Teaching this way, I would encourage learners to share my attraction to knowing more about a given topic or subject, rather than to just tell them what I know. My job is to foster their attraction to same; then structure the lesson so that they explore it, create their own unique brand of knowledge about it, then give their interpretation as information for others to use to build on the attraction and enhance their own "take" on the question at hand.

Here is the definition of teach that seems to come closest to what I am espousing: To condition to a certain action or frame of mind.

What do you think about teaching so as to encourage an entreprenuerial frame of mind?

Friday, December 14, 2007

Un

"Un".

It dawns my me that this is the prefix that sets enterprenerial behavior apart from practiced behavior.

How so?

As in uncertain, unknown, unreliable, unexplored.

Uncomfortable.

This last one is a true demarkation.

We who teach from deeply-grooved, well practiced syllabi and methods are comfortable.

So, it seems, are student comforted by common practices (quizzes, mid-term, final, term paper, presentations).

Yet, where is the powerful fresh learning for us and them?

In that imposing "Land of Un".

I go there rather often, bringing my students with me.
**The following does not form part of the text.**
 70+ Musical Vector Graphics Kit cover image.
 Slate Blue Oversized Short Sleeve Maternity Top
There is a reward. It stops being Un and becomes another thing and place we know.

Are you one who visits Un as a teacher and scholar?
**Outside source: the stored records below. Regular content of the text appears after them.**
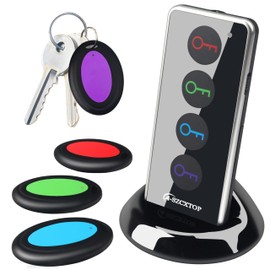 Key Finder Locator, 80dB Wireless Remote Item Tracker, RF Finder for Key, Pet, Luggage, Wallet, Phone, 131ft / 40M Working Range, 1 RF Transmitter & 4 Receivers & Flashlight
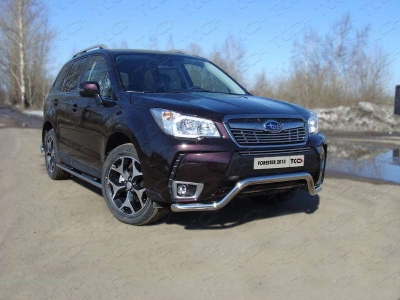 Защита переднего бампера кенгурин 60 мм ТСС для Subaru Forester SJ 2013-2016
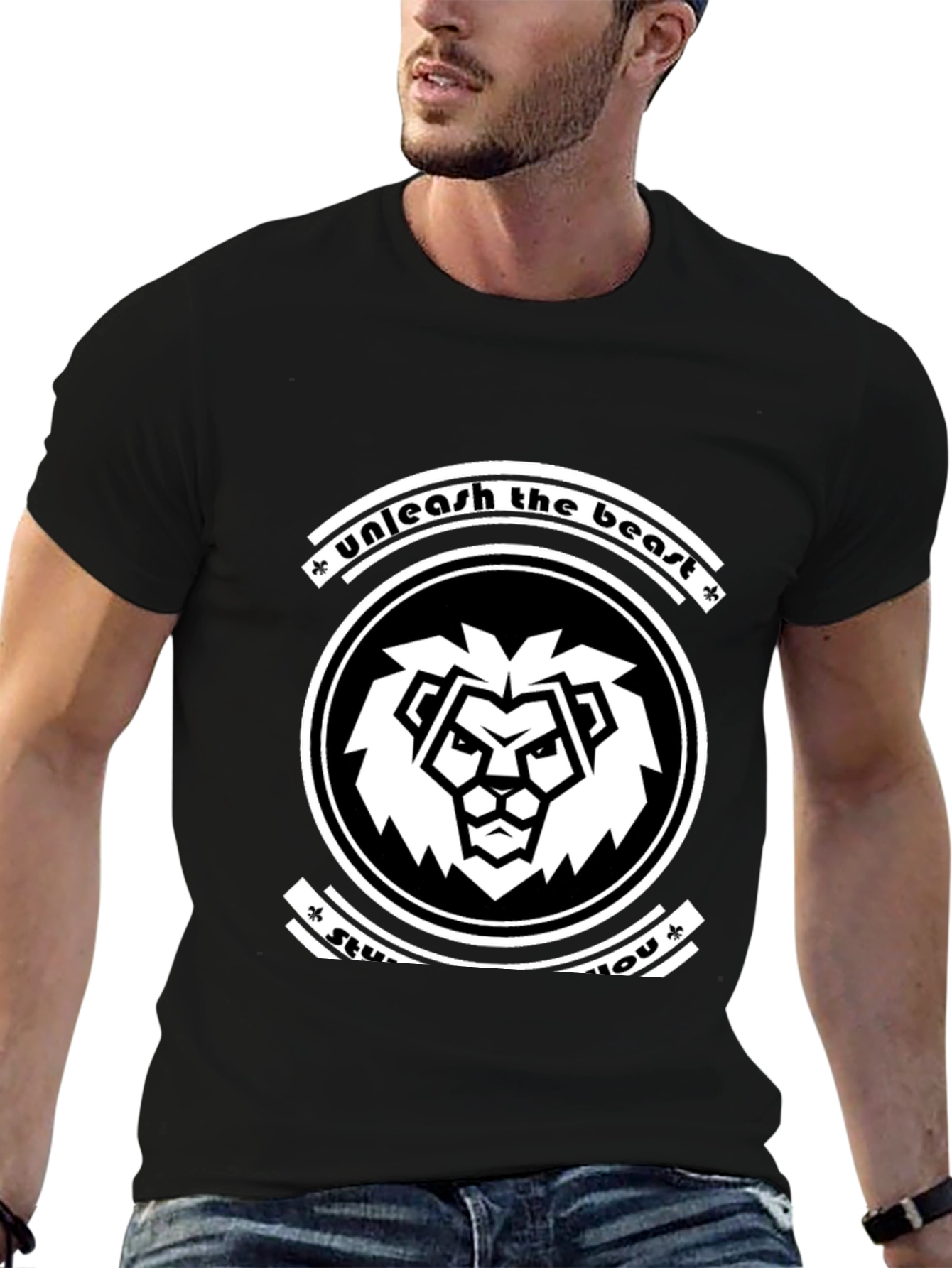 Unleash the Beast Graphic T-Shirt - Black Lion Design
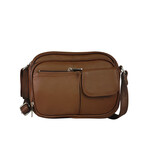 R Leathers 3013 BN - Brown - Crossbody with Front Organizer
Tuesday, December 11, 2007

My student's eyes

A moment ago, one of my seniors, a Management major, left my office after thanking me for a valuable semester of learning (couldn't hurt). I can still see her eyes. She believes that what she learned and how she learned it was valuable. She looked me squarely in the eyes, from across the table I have between me and my guests. "Thank you, Doc".

Why am I so restive about this? I did a hell of a good job on that course. Now it dawns on me why I cannot get those trusting, appreciative eyes out of my head.

She is on a COOP (cooperative education) at a huge insurance company here in Hartford, Connecticut. She will stay on part time this Spring, until she graduates. She is the sole person (even as a COOP) handling incoming retirement items that they had underestimated in volume and complexity. They are hiring a temp worker to pick up the slack of her moving from full to part time. She is supposed to train this person, even though she is traveling over the semester break.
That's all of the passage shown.